*Problem details*
While copying the entries exactly, leave out each picture they contain.
*** Provided records ***
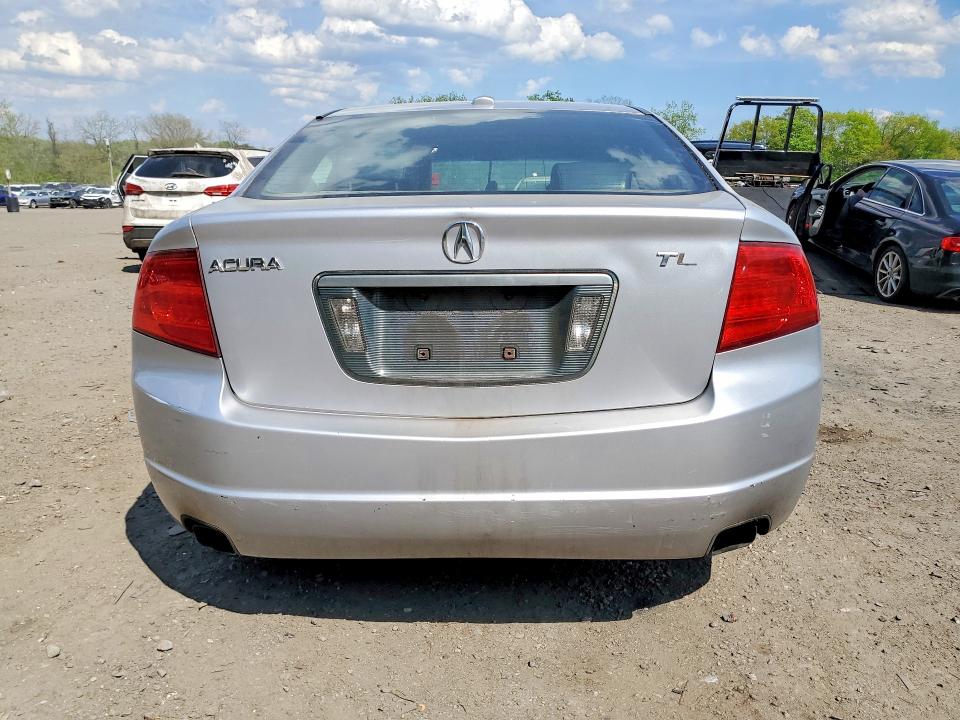 Aukcja sprzedaży 2005 Acura Tl, vin: 19UUA66285A002673, numer aukcji: 52491456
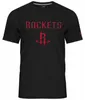 T-Shirt NBA Houston Rockets New Era team logo Noir pour Voir les images du produit 1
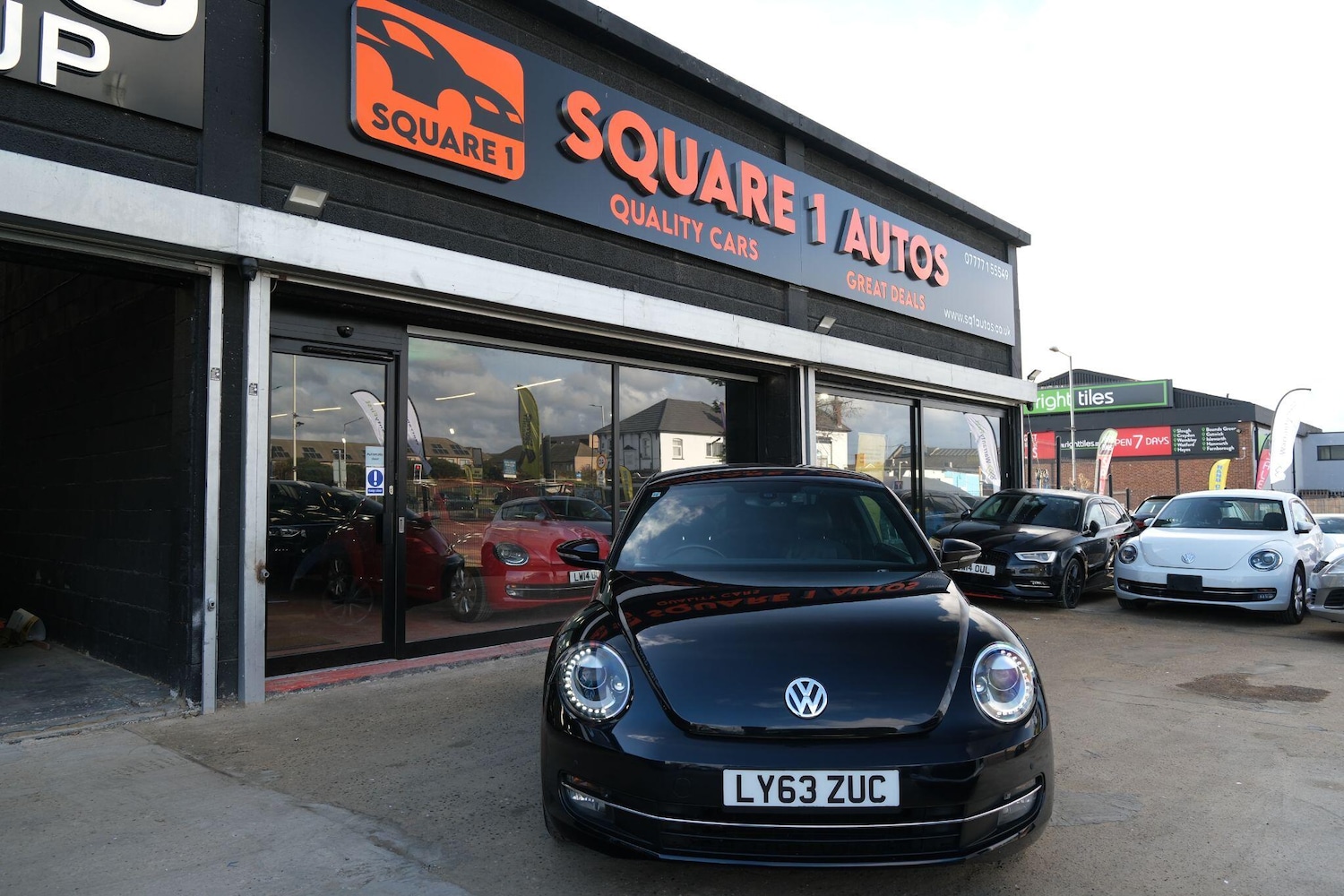 Used Volkswagen Beetle for sale - 76538665: Photo 2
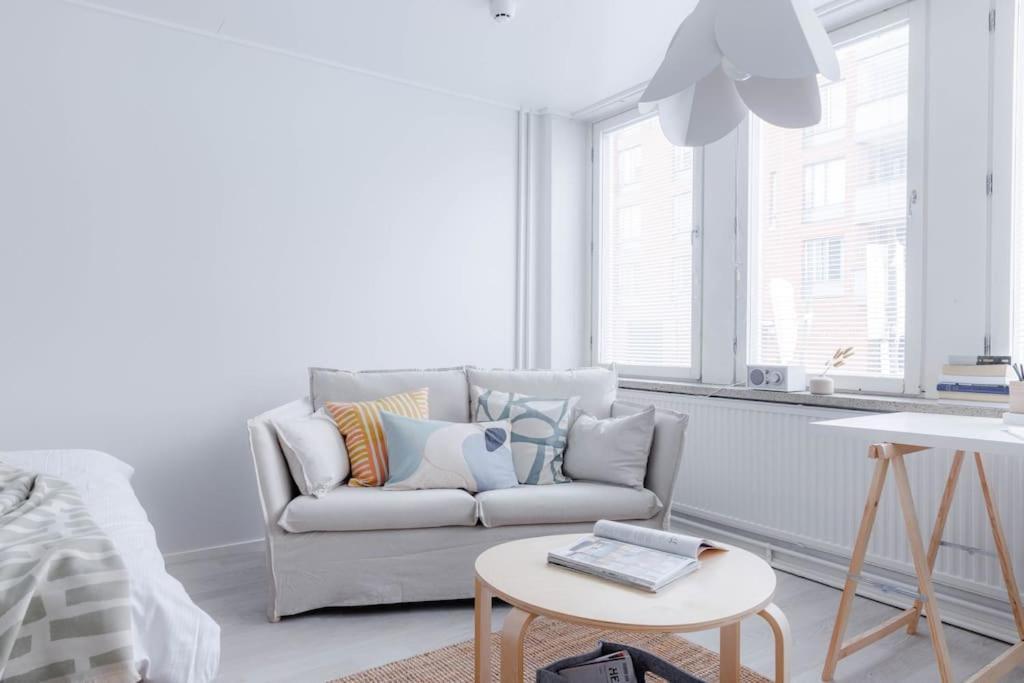 For A Business Traveler Lejlighed Helsinki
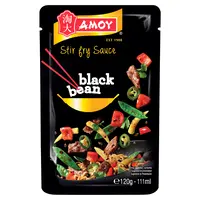Amoy Black bean sauce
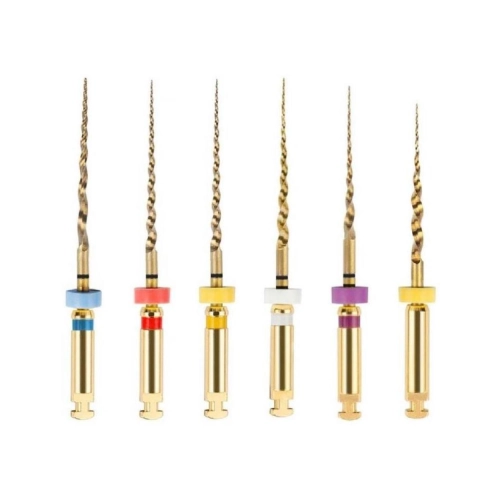 NIC SUPERLINE U+FEILE NIC RA KIT 21mm NR.SX-F3 SORTIMENT (6 Stück)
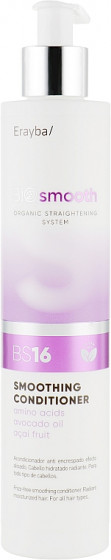 Erayba Bio Smooth Smoothing Conditioner BS16 - Кондиционер для выпрямления волос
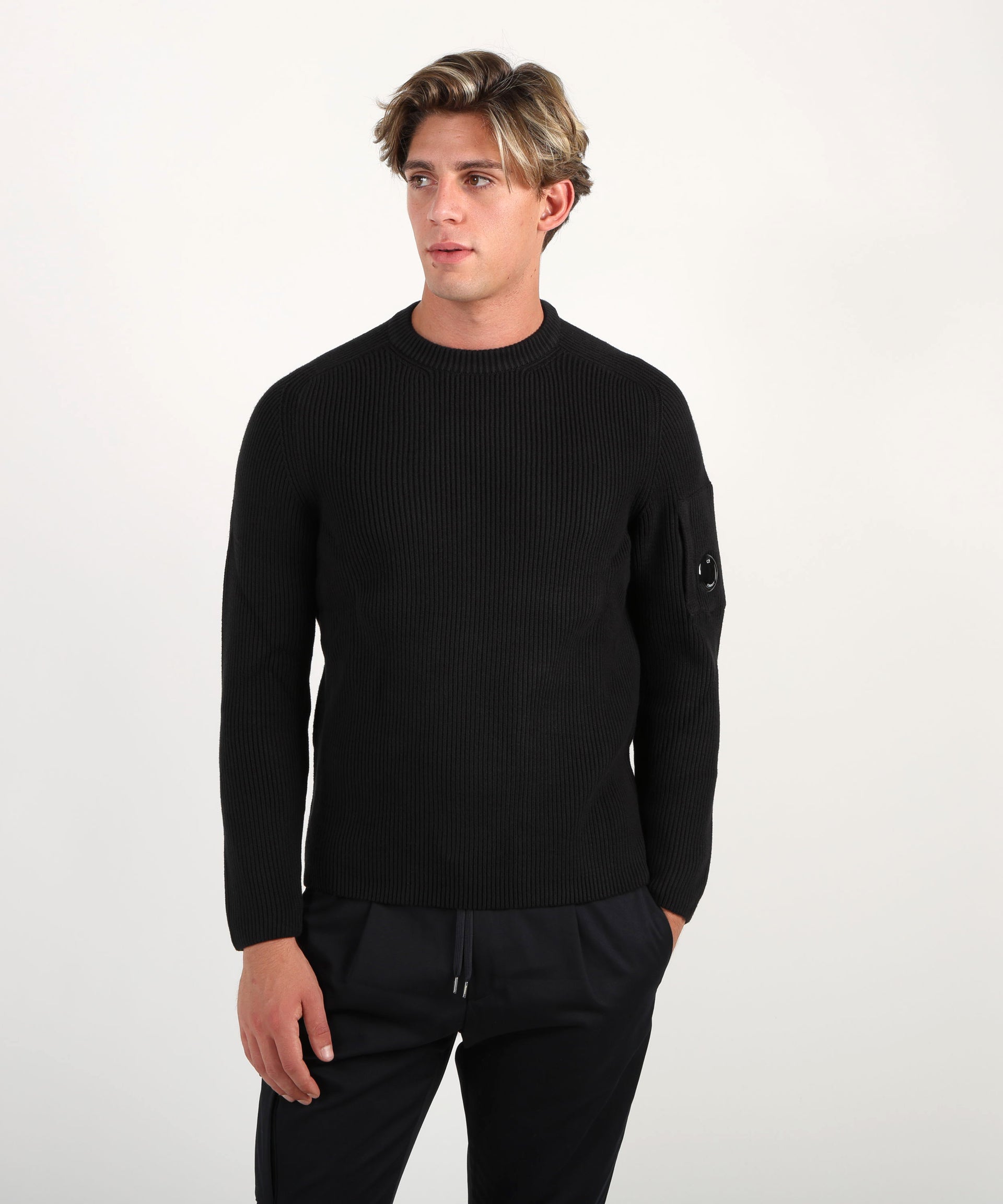 C.P. COMPANY Maglione girocollo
*** End of Provided records ***
*Task output*
 Aukcja sprzedaży 2005 Acura Tl, vin: 19UUA66285A002673, numer aukcji: 52491456
 T-Shirt NBA Houston Rockets New Era team logo Noir pour Voir les images du produit 1
 Used Volkswagen Beetle for sale - 76538665: Photo 2
 For A Business Traveler Lejlighed Helsinki
Amoy Black bean sauce
 NIC SUPERLINE U+FEILE NIC RA KIT 21mm NR.SX-F3 SORTIMENT (6 Stück)
 Erayba Bio Smooth Smoothing Conditioner BS16 - Кондиционер для выпрямления волос
 C.P. COMPANY Maglione girocollo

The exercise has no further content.